[Dialogues Concerning Natural Religion by David Hume]@TWC D-Link book
Dialogues Concerning Natural Religion

PART 5
5/8

But according to your method of reasoning, these difficulties become all real; and perhaps will be insisted on, as new instances of likeness to human art and contrivance.

At least, you must acknowledge, that it is impossible for us to tell, from our limited views, whether this system contains any great faults, or deserves any considerable praise, if compared to other possible, and even real systems.

Could a peasant, if the Aeneid were read to him, pronounce that poem to be absolutely faultless, or even assign to it its proper rank among the productions of human wit, he, who had never seen any other production?
But were this world ever so perfect a production, it must still remain uncertain, whether all the excellences of the work can justly be ascribed to the workman.

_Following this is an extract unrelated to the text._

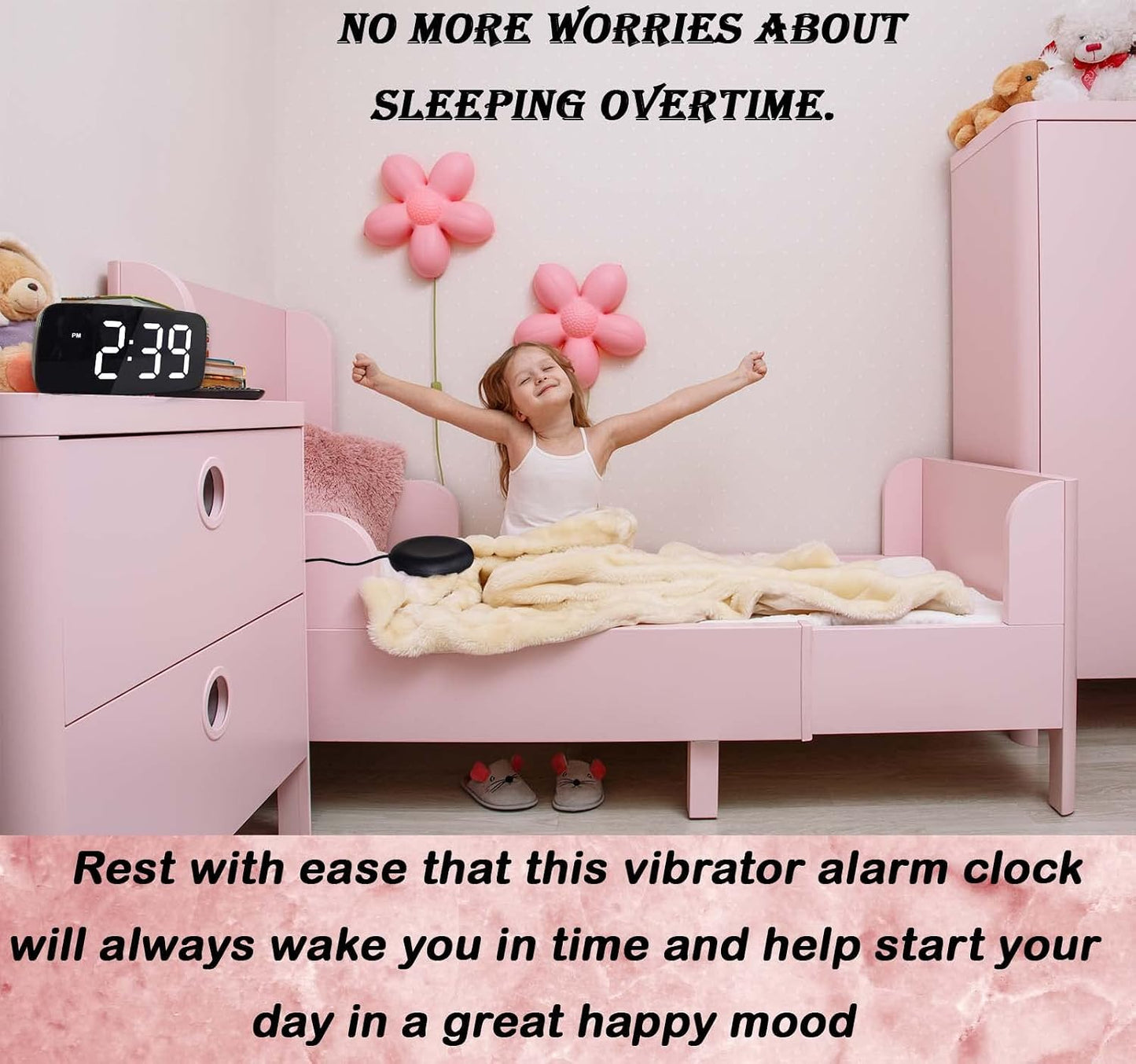 Loud Alarm Clock with Bed Shaker, Vibrating Alarm Clock for Heavy Sleepers, Multifunctional Digital Alarm Clock, Deaf and Hard of Hearing, Full Range Dimmer and Battery Backup (Black, 1)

If we survey a ship, what an exalted idea must we form of the ingenuity of the carpenter who framed so complicated, useful, and beautiful a machine?
And what surprise must we feel, when we find him a stupid mechanic, who imitated others, and copied an art, which, through a long succession of ages, after multiplied trials, mistakes, corrections, deliberations, and controversies, had been gradually improving?
Many worlds might have been botched and bungled, throughout an eternity, ere this system was struck out; much labour lost, many fruitless trials made; and a slow, but continued improvement carried on during infinite ages in the art of world-making.

In such subjects, who can determine, where the truth; nay, who can conjecture where the probability lies, amidst a great number of hypotheses which may be proposed, and a still greater which may be imagined?
And what shadow of an argument, continued PHILO, can you produce, from your hypothesis, to prove the unity of the Deity?
A great number of men join in building a house or ship, in rearing a city, in framing a commonwealth; why may not several deities combine in contriving and framing a world?
This is only so much greater similarity to human affairs.